Typhoon Hagupit made landfall over the weekend, battering the Philippines with powerful winds and rain, bringing back fears of a repeat of the devastation caused by Typhoon Haiyan last year.
The Philippine Red Cross (PRC) had revealed that Typhoon Hagupit's fury had killed at least 21 people in central Philippines.
The country's agriculture sector has reportedly suffered an estimated loss of 1.02 billion pesos ($22.8 million) as a result of the typhoon.
Latest government estimates indicate that more than a million people have been affected, including over 400,000 children. Many of them are in evacuation sites.
Sylwander said: " ...there are still almost a million people -- many still recovering from Haiyan -- who have been driven from their homes,"
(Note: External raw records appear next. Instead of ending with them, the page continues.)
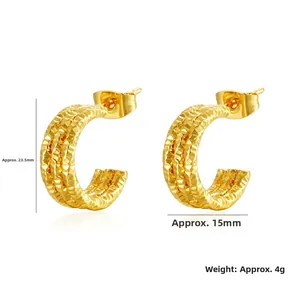 Detailed view of C-shaped gold hoop earrings with textured diamond-cut surface finish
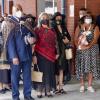 Warwick and his wife Leeanne Morehu (in red) and other members of his whanau wait to be welcomed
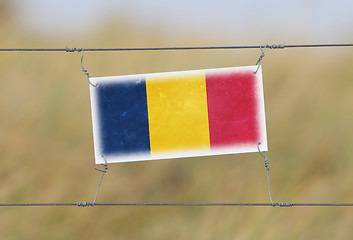 Image showing Border fence - Old plastic sign with a flag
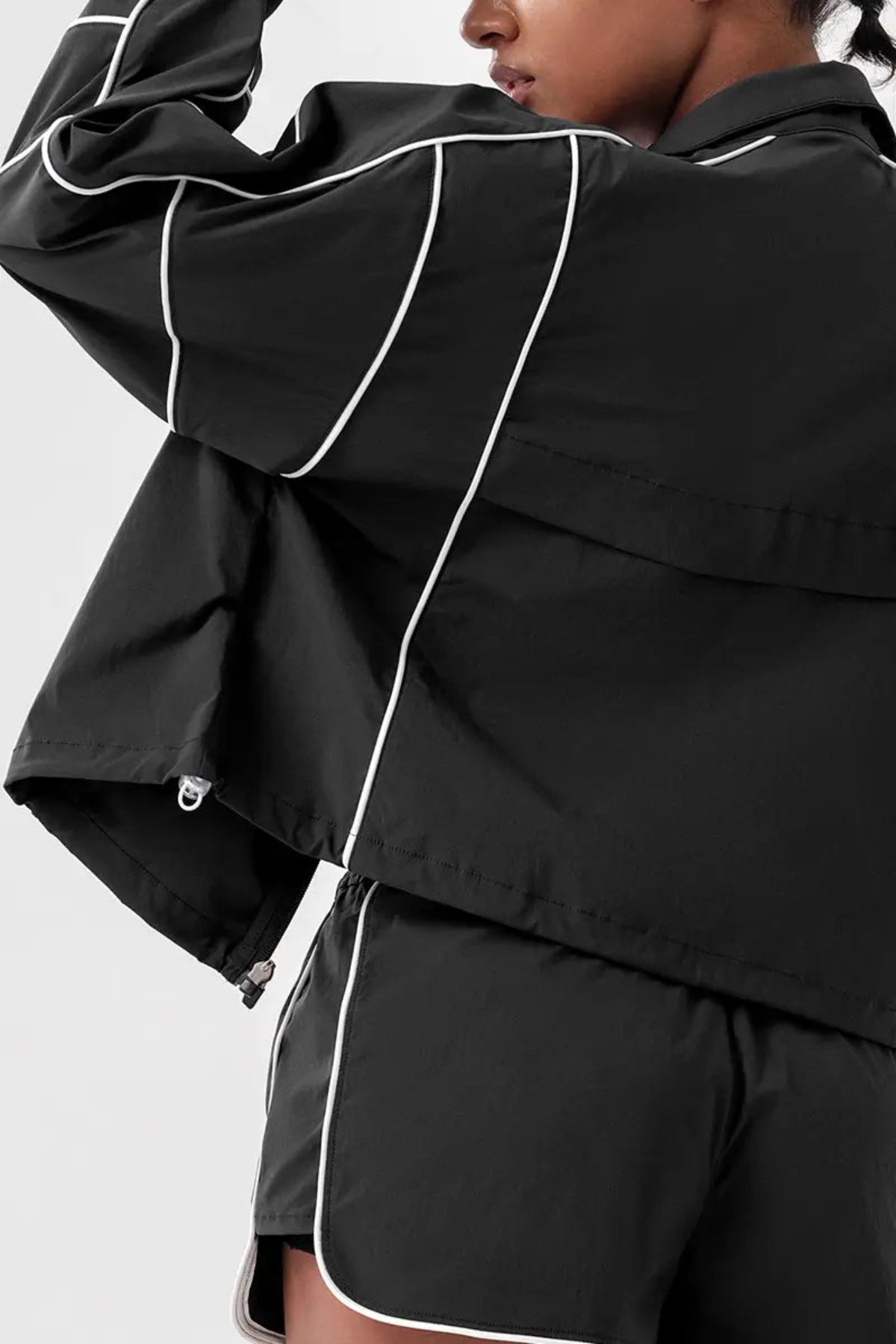 Women's Contrast Color Zip - up Quick - Dry Sports Jacket Black close-up of the left sleeve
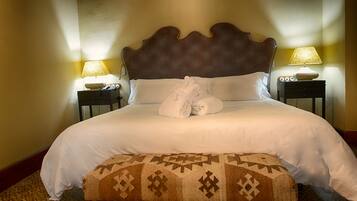 A neatly made bed with white linens and two rolled towels, a patterned ottoman, and two bedside lamps on nightstands.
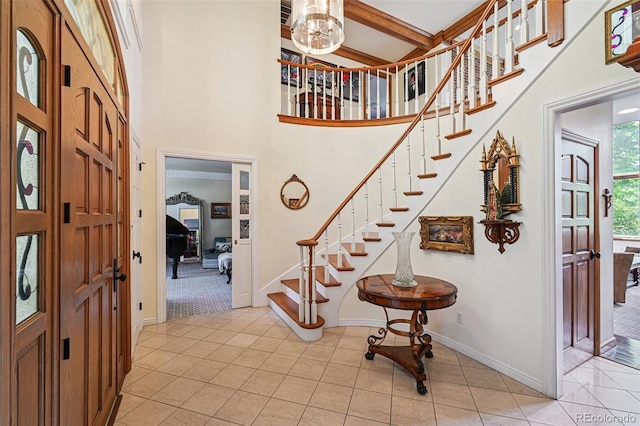 5475 S Laredo St, Centennial, CO 80015 - foyer entrance with stairs, light tile patterned floors, a chandelier, a towering ceiling, and light colored carpet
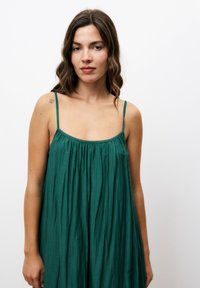 Groene mouwloze jurk van luchtige stof, met een gathered halslijn en delicate bandjes, met een losse, relaxte pasvorm.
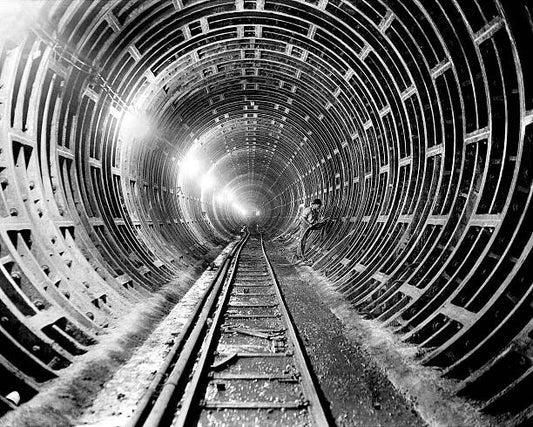 Workman caulks joints with lead to make them waterproof during the construction of the 6th Avenue subway tunnel.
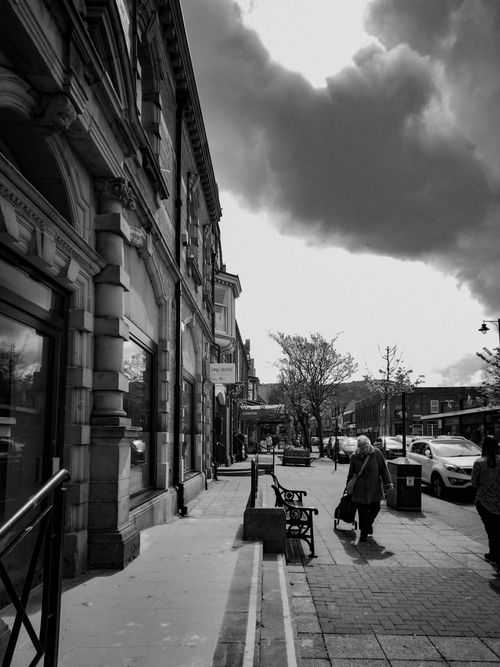 Free Urban street scene in black and white featuring neoclassical architecture with dramatic clouds overhead. Stock Photo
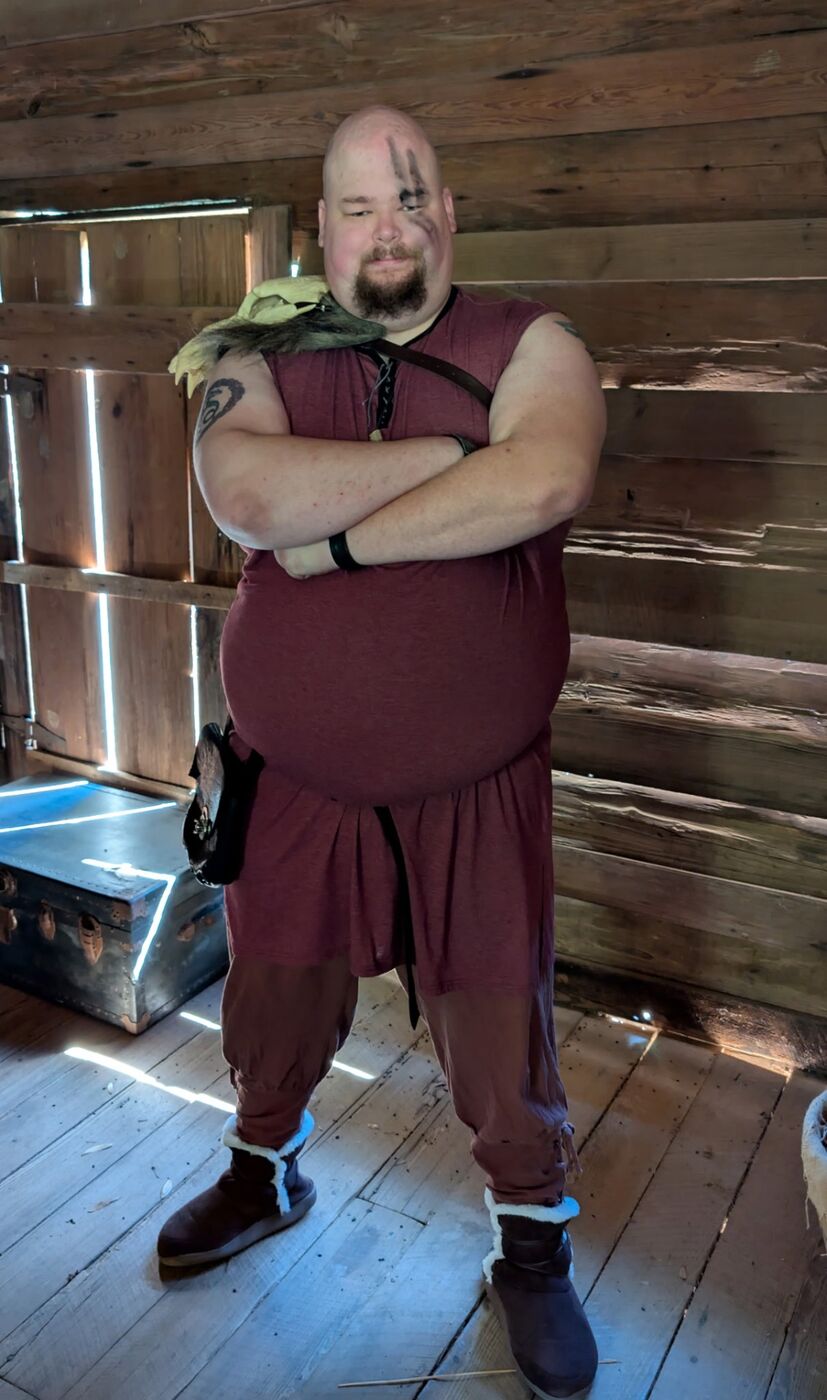 A costumed warrior standing with arms crossed in the timber cabin, sunlight through the walls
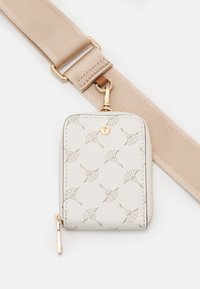 Portefeuille beige zippé en cuir texturé, avec un motif gaufré, des accessoires en or et une sangle attachée.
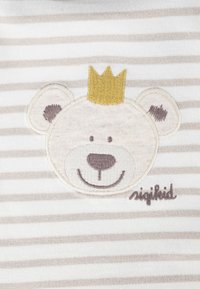 Un tessuto a strisce beige e bianco presenta un volto di orso ricamato con una corona gialla e accenti marroni, insieme a una cucitura "sigikid".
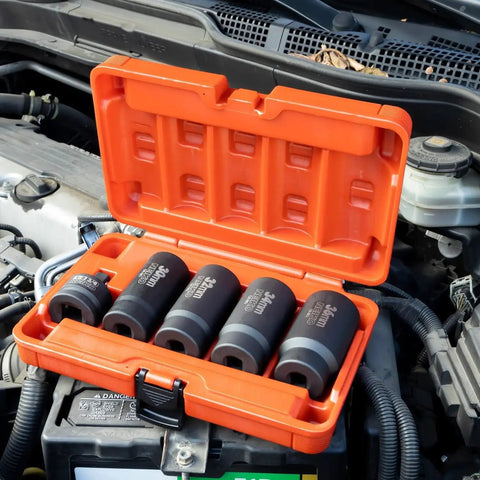 Heavy Duty 5 Piece 12 Point Socket Set 1/2 Drive for Axle Nut and Lug Nut Removal displayed in open orange case on engine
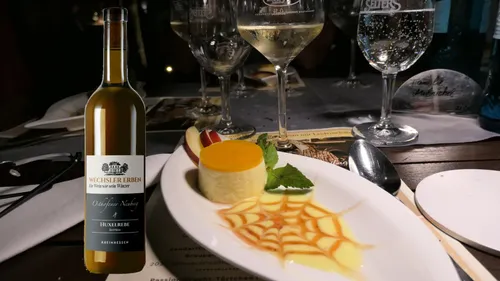 Wine bottle beside dessert on table with drinks.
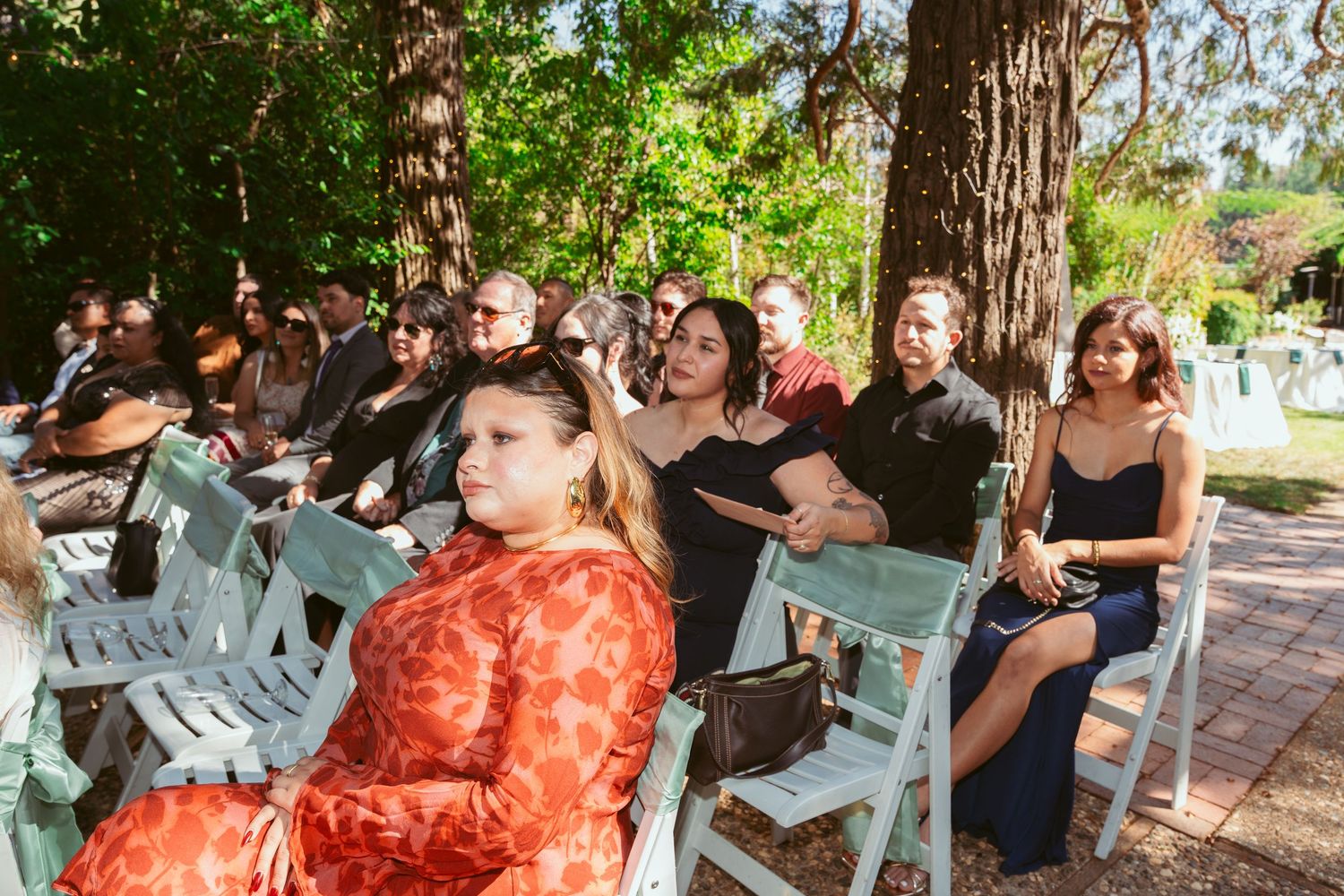 Wedding celebration under a wooden pavilion with guests seated on light blue chairs in an outdoor setting.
"These people have made enormous progress in rebuilding their lives over the last 12 months, and they need our help to make sure that these hard-won gains are not washed away by this new disaster," Sylwander said.
UNICEF's efforts also focus on helping children overcome the effects of anxiety and extreme fear, including through psychosocial assistance.
School tents and education materials will also be provided so that children who have been forced to evacuate, or whose schools have been closed or damaged by the storm, can continue learning.
The state weather forecasting agency said Hagupit had weakened and had been downgraded to a tropical storm. However, it is still on the move, bringing with it destructive winds, heavy rain, water surges and landslides.